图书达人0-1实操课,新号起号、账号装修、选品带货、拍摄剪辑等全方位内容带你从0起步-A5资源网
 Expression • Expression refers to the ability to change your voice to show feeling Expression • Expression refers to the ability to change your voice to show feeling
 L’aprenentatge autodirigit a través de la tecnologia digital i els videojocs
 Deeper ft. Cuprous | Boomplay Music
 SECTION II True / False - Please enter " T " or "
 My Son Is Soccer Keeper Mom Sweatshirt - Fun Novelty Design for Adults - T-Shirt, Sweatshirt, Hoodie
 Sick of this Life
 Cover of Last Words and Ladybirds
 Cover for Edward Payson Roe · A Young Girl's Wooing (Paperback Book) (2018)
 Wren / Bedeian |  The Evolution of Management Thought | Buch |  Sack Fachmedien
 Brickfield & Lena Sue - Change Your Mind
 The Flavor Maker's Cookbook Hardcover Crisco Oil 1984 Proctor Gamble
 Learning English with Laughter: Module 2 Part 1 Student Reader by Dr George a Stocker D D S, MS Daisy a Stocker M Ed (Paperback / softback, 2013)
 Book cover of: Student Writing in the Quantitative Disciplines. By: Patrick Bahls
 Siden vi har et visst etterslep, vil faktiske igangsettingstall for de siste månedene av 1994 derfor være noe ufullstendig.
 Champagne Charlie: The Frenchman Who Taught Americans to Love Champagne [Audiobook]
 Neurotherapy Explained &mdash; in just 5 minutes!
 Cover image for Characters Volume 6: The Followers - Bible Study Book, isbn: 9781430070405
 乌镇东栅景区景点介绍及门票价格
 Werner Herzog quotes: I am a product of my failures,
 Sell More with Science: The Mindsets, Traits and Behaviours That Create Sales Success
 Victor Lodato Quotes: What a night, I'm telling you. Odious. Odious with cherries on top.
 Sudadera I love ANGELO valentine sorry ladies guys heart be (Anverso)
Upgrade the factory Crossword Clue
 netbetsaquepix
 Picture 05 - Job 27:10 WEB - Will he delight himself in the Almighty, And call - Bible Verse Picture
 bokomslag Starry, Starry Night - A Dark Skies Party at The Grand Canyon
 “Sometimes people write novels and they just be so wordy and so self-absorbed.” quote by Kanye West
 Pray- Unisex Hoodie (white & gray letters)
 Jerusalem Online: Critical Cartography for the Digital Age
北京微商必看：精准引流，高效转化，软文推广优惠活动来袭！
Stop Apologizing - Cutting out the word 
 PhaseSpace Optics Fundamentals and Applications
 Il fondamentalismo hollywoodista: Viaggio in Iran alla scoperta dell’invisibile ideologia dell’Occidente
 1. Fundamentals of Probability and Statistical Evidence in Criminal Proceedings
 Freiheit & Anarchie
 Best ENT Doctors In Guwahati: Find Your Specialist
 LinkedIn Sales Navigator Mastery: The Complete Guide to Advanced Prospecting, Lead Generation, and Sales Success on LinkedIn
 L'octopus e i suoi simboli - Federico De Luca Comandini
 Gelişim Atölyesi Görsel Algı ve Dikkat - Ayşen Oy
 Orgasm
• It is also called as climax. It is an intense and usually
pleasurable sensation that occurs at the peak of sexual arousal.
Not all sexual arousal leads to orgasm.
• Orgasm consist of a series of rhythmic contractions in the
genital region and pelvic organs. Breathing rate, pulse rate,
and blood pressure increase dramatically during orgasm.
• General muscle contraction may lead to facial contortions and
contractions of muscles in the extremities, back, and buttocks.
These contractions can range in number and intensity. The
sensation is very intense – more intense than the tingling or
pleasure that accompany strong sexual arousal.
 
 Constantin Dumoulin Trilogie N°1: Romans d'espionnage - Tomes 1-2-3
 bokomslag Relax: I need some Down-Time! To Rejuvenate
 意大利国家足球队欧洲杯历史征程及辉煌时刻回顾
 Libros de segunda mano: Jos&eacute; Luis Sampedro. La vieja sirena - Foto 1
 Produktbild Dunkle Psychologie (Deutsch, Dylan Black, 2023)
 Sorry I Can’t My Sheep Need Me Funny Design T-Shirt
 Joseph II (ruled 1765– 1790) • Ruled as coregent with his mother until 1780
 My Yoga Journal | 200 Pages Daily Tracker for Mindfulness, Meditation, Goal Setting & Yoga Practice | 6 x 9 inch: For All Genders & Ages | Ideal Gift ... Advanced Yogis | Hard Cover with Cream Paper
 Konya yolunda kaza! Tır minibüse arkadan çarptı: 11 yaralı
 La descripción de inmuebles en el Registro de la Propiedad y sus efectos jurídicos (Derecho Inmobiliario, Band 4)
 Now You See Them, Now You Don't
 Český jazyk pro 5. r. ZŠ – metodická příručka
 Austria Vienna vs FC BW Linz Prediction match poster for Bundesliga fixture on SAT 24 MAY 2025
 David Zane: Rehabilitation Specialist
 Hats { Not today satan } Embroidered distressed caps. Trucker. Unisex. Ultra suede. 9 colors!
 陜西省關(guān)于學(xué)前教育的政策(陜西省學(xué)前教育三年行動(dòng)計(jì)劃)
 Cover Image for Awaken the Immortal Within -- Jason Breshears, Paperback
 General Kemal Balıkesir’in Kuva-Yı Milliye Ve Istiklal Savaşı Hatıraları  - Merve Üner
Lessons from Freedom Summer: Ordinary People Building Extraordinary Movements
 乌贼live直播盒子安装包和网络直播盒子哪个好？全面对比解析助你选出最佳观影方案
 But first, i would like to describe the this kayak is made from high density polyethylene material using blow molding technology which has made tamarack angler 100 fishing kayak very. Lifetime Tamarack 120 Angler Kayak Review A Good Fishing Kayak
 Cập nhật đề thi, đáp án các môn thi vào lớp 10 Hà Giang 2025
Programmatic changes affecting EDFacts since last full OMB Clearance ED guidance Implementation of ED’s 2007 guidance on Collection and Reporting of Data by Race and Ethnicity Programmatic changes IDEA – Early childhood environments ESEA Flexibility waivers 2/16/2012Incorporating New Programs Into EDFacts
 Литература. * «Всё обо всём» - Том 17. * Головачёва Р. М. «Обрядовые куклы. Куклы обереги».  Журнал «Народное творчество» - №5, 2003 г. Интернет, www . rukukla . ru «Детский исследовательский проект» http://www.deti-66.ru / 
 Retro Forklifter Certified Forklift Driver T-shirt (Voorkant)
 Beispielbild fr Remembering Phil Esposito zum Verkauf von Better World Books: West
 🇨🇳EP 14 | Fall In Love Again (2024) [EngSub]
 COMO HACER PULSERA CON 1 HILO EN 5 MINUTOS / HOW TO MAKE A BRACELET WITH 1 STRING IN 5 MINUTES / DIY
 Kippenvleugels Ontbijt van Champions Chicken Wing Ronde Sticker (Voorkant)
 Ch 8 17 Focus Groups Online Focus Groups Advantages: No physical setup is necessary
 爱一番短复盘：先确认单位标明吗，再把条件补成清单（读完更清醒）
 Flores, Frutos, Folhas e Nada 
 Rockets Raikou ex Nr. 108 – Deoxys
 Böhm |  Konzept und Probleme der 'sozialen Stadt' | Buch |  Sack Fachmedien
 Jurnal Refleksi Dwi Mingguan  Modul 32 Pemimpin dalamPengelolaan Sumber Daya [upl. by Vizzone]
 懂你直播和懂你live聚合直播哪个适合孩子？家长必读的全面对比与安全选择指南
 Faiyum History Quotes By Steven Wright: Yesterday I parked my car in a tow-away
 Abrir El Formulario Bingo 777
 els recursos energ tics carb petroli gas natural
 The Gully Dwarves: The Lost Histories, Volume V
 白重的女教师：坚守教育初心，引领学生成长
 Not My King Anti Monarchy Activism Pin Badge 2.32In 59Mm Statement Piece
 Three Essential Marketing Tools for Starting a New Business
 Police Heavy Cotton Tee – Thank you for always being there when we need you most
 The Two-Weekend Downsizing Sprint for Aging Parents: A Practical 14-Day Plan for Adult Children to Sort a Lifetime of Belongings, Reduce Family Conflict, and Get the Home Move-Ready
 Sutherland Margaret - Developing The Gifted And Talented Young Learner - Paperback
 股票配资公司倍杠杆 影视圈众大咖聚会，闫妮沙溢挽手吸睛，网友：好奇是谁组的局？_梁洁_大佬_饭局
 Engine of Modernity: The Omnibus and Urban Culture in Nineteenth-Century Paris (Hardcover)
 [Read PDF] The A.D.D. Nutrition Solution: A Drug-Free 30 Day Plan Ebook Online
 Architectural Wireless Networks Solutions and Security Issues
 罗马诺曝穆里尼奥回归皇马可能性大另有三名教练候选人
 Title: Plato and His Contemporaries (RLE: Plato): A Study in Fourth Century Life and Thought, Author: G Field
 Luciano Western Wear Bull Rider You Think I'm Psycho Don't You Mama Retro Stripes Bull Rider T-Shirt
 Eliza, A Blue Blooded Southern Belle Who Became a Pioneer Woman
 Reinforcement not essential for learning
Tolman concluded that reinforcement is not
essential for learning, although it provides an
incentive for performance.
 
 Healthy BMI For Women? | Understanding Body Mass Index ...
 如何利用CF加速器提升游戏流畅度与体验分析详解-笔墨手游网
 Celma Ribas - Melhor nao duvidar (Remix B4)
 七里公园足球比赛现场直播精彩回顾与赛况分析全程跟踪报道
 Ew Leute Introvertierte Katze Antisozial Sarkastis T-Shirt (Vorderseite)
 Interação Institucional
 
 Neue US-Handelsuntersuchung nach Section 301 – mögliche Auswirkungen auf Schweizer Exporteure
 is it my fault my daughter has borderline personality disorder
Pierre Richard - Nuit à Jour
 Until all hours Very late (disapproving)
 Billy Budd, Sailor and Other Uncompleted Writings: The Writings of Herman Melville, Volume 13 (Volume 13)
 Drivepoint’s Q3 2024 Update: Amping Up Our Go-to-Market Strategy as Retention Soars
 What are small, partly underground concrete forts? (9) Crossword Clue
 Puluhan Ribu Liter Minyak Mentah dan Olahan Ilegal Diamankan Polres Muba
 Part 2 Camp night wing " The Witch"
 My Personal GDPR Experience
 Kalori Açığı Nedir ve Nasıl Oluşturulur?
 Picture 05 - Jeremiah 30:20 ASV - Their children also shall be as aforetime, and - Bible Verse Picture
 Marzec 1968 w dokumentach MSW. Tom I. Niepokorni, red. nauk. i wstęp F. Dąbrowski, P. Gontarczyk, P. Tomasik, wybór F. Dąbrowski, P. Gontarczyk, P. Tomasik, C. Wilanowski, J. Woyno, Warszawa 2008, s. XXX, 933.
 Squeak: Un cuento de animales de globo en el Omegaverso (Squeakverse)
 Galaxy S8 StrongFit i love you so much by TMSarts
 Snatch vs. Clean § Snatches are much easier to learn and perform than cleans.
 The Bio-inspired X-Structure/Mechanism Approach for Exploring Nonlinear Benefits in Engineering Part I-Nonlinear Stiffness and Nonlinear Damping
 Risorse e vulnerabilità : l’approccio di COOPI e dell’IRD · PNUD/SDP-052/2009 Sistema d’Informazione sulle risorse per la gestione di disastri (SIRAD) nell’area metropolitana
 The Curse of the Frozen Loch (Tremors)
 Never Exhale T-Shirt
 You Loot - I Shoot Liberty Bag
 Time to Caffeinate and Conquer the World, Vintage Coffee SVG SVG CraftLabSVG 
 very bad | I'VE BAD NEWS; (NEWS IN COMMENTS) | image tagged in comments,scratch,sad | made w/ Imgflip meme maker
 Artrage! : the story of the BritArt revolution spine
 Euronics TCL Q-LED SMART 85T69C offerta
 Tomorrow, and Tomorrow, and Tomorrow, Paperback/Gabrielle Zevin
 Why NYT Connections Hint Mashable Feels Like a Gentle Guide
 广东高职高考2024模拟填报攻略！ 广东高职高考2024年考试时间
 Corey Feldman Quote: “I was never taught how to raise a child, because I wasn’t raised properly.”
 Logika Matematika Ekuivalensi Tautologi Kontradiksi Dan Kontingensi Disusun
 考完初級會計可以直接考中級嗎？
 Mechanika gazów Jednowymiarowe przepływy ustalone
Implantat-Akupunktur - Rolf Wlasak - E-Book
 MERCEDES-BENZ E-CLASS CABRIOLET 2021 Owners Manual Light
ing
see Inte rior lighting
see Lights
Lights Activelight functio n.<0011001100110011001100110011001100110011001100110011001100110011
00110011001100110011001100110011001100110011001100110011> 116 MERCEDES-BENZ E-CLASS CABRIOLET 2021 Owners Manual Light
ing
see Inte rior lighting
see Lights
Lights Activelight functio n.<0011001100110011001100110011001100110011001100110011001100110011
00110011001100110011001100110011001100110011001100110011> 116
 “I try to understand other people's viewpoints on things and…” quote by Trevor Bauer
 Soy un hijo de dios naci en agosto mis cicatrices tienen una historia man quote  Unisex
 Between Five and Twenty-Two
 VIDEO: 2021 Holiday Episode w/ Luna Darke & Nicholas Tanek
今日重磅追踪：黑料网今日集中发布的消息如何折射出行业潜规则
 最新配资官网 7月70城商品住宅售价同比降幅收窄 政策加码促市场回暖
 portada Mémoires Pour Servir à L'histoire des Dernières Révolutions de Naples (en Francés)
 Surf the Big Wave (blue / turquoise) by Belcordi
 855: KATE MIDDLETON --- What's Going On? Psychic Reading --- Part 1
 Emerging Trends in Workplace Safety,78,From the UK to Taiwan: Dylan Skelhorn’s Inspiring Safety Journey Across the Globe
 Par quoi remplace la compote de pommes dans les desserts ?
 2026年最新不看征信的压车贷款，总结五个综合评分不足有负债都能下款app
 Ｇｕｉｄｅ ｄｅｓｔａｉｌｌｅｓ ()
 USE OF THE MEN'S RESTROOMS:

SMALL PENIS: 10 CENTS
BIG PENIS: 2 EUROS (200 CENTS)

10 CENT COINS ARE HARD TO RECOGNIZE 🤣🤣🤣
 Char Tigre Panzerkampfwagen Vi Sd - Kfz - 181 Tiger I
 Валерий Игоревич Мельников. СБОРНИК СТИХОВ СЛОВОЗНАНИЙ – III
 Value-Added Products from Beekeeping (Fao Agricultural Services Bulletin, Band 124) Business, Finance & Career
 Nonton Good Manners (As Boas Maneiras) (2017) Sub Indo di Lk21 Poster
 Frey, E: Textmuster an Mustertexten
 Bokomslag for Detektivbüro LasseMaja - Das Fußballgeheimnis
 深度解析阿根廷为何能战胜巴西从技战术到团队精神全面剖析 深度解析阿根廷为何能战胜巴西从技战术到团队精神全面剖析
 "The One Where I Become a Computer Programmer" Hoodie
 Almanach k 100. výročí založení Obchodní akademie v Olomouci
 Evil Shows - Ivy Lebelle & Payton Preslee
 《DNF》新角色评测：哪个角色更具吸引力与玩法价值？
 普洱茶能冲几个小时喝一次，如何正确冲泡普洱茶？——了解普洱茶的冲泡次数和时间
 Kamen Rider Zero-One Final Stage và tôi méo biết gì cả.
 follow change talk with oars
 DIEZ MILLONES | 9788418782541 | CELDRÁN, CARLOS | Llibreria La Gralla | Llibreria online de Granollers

────────

WHAT IS BEING ASKED –
In the data above, find each line that has the word "Dylan" and copy it out.

ANSWER BELOW –
 Produktbild Dunkle Psychologie (Deutsch, Dylan Black, 2023)
 Emerging Trends in Workplace Safety,78,From the UK to Taiwan: Dylan Skelhorn’s Inspiring Safety Journey Across the Globe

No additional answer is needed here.